→ ACTIVITY
For the material that follows, list every line containing the word "before".
= Beginning of Section =
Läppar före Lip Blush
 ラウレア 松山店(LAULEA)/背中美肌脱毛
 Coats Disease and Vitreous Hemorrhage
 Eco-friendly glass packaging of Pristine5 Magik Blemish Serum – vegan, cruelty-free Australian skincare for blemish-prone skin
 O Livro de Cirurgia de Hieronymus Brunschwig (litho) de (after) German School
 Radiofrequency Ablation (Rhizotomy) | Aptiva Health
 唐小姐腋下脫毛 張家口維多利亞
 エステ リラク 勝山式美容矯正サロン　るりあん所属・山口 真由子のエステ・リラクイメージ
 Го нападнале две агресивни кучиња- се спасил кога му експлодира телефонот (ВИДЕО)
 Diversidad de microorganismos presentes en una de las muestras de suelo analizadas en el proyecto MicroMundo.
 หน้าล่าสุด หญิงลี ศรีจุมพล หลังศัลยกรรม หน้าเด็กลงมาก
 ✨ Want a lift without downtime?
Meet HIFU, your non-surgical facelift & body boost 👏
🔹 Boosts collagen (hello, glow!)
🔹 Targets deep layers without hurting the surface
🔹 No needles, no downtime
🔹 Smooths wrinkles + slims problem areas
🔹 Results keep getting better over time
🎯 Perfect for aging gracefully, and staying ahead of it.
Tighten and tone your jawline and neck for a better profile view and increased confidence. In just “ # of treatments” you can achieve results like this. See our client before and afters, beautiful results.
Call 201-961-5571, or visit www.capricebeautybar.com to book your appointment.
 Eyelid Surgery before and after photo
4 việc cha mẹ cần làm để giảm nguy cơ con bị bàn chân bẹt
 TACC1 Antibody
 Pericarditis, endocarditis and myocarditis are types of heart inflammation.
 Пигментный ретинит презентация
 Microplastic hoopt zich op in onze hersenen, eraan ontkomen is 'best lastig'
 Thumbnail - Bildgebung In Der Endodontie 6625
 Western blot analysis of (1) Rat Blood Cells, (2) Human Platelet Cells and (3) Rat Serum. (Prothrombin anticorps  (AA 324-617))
= End of Section =
→ TASK SOLUTION
Tighten and tone your jawline and neck for a better profile view and increased confidence. In just “ # of treatments” you can achieve results like this. See our client before and afters, beautiful results.
 Eyelid Surgery before and after photo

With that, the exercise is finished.